Web page caption snippets:
● ● ● ● ● ● ●

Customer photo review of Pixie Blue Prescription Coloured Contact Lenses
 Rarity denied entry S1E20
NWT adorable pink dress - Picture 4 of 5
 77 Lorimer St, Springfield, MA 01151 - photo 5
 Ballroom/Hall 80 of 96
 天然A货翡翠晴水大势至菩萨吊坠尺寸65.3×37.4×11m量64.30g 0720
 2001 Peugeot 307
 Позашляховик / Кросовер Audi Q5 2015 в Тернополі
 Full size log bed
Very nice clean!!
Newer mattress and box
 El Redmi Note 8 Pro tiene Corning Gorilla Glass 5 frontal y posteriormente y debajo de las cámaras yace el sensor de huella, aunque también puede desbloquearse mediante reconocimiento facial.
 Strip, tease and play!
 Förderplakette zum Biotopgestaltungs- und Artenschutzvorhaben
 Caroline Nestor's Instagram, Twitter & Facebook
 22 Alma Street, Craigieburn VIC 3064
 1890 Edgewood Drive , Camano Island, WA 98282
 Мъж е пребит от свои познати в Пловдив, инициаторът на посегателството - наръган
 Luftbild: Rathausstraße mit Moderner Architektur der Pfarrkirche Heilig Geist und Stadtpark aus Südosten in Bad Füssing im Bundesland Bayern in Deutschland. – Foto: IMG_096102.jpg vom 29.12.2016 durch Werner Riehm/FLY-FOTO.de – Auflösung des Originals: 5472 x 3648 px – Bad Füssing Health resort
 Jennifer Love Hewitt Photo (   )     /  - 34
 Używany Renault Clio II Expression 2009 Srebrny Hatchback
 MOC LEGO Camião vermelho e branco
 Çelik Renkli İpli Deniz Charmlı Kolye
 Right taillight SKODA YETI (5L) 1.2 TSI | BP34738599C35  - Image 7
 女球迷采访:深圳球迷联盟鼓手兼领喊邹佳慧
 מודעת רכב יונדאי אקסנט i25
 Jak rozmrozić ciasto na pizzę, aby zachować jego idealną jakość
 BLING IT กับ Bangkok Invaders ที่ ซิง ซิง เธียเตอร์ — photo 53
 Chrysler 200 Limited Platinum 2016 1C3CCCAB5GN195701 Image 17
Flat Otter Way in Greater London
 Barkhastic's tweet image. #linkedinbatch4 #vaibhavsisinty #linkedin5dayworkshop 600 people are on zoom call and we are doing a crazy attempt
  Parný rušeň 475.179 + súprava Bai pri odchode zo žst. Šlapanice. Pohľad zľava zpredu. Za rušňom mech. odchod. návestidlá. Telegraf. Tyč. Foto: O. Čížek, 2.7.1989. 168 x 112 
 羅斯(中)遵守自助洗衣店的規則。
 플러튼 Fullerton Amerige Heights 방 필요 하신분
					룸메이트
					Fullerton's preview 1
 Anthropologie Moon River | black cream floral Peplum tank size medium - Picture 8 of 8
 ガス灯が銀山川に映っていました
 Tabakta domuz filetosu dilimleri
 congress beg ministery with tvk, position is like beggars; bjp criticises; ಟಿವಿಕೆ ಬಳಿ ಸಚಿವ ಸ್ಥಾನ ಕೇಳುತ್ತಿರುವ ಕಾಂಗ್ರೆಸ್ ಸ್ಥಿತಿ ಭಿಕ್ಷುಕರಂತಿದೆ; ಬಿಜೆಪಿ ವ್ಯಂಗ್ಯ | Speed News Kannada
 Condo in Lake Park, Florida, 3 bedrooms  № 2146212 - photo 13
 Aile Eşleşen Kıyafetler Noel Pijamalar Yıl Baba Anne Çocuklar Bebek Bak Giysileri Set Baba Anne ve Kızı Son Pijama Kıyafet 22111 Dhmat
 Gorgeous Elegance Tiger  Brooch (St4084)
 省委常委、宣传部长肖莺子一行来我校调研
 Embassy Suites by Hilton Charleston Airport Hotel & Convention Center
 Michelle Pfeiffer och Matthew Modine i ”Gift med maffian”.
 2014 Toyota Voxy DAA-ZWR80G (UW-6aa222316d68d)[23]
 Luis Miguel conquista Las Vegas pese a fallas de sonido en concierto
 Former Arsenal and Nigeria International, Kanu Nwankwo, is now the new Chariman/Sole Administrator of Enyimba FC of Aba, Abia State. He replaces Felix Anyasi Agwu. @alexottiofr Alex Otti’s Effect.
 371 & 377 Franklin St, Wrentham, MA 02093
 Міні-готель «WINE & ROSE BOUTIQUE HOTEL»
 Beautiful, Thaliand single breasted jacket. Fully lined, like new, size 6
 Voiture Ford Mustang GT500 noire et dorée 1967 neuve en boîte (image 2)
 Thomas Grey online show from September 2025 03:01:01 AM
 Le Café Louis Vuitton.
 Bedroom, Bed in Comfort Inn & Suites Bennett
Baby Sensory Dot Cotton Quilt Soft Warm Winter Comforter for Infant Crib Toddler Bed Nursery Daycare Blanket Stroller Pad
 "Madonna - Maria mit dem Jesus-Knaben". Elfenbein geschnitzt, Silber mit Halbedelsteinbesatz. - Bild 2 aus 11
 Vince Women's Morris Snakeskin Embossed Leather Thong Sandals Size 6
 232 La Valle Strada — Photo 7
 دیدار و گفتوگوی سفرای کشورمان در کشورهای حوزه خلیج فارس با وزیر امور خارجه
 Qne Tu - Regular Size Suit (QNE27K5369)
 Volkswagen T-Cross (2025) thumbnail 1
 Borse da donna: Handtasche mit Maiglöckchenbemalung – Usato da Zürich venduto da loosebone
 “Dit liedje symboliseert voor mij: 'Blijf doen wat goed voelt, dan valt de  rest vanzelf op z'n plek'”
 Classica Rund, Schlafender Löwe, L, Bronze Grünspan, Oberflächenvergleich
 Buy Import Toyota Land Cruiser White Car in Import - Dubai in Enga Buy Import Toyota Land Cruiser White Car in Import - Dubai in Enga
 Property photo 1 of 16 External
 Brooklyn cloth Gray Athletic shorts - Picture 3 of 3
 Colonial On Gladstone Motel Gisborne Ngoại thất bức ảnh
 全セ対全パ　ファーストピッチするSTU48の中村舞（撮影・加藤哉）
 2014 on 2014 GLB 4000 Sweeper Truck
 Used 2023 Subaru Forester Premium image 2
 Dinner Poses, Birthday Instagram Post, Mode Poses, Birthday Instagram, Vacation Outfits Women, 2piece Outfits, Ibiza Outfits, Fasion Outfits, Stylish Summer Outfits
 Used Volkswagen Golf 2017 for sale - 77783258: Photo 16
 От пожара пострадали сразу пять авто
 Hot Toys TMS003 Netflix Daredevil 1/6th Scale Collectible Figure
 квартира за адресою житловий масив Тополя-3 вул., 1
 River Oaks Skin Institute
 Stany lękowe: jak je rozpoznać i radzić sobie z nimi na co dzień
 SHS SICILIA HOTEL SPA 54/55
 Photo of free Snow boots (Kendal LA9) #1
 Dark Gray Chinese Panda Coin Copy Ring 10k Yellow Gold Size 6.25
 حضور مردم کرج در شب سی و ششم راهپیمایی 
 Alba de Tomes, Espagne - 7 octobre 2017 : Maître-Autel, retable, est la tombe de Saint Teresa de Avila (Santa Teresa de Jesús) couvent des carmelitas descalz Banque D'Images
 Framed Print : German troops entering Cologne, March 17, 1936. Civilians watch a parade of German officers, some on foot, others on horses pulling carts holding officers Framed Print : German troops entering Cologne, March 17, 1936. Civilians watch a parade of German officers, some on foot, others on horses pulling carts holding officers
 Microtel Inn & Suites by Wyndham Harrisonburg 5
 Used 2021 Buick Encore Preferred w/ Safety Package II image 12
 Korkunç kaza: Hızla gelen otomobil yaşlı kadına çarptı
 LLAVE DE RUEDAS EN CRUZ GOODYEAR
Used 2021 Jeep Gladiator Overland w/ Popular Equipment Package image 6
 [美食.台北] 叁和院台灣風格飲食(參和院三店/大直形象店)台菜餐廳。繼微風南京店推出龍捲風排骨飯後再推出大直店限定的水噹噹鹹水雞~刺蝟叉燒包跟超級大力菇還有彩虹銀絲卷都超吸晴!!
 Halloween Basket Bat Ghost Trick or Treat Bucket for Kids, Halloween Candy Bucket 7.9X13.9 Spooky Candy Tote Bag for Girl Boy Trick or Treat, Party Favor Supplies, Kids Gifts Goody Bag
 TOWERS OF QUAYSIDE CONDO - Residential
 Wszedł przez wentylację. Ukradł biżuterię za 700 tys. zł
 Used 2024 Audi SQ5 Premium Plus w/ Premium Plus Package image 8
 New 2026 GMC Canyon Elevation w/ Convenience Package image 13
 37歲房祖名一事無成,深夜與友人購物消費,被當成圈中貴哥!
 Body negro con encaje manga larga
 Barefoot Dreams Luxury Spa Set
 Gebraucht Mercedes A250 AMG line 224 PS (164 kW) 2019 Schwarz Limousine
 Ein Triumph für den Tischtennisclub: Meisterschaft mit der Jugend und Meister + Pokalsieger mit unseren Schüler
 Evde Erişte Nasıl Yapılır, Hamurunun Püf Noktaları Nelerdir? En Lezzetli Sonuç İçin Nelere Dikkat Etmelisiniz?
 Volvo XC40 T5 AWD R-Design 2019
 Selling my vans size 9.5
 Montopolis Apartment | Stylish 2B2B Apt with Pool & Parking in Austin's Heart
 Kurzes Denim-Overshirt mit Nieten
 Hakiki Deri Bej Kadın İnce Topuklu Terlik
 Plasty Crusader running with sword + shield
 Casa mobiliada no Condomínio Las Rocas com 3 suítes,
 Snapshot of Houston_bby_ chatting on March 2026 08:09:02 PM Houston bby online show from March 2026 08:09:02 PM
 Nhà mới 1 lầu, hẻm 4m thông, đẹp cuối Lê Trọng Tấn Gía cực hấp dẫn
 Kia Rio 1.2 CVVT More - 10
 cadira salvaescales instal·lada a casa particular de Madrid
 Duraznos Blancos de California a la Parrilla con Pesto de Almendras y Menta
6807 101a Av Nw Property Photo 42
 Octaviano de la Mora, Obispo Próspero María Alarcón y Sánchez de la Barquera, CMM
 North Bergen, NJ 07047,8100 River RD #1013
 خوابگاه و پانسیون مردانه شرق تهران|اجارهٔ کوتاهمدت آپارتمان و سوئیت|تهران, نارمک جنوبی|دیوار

● ● ● ● ● ● ●

## [ABOUT THIS EXERCISE]
In the data above, find the line with "От пожара пострадали сразу пять авто" and the line with "Wszedł przez wentylację.". Retype both, plus every line between them, exactly.

## [RESULT]
 От пожара пострадали сразу пять авто
 Hot Toys TMS003 Netflix Daredevil 1/6th Scale Collectible Figure
 квартира за адресою житловий масив Тополя-3 вул., 1
 River Oaks Skin Institute
 Stany lękowe: jak je rozpoznać i radzić sobie z nimi na co dzień
 SHS SICILIA HOTEL SPA 54/55
 Photo of free Snow boots (Kendal LA9) #1
 Dark Gray Chinese Panda Coin Copy Ring 10k Yellow Gold Size 6.25
 حضور مردم کرج در شب سی و ششم راهپیمایی 
 Alba de Tomes, Espagne - 7 octobre 2017 : Maître-Autel, retable, est la tombe de Saint Teresa de Avila (Santa Teresa de Jesús) couvent des carmelitas descalz Banque D'Images
 Framed Print : German troops entering Cologne, March 17, 1936. Civilians watch a parade of German officers, some on foot, others on horses pulling carts holding officers Framed Print : German troops entering Cologne, March 17, 1936. Civilians watch a parade of German officers, some on foot, others on horses pulling carts holding officers
 Microtel Inn & Suites by Wyndham Harrisonburg 5
 Used 2021 Buick Encore Preferred w/ Safety Package II image 12
 Korkunç kaza: Hızla gelen otomobil yaşlı kadına çarptı
 LLAVE DE RUEDAS EN CRUZ GOODYEAR
Used 2021 Jeep Gladiator Overland w/ Popular Equipment Package image 6
 [美食.台北] 叁和院台灣風格飲食(參和院三店/大直形象店)台菜餐廳。繼微風南京店推出龍捲風排骨飯後再推出大直店限定的水噹噹鹹水雞~刺蝟叉燒包跟超級大力菇還有彩虹銀絲卷都超吸晴!!
 Halloween Basket Bat Ghost Trick or Treat Bucket for Kids, Halloween Candy Bucket 7.9X13.9 Spooky Candy Tote Bag for Girl Boy Trick or Treat, Party Favor Supplies, Kids Gifts Goody Bag
 TOWERS OF QUAYSIDE CONDO - Residential
 Wszedł przez wentylację. Ukradł biżuterię za 700 tys. zł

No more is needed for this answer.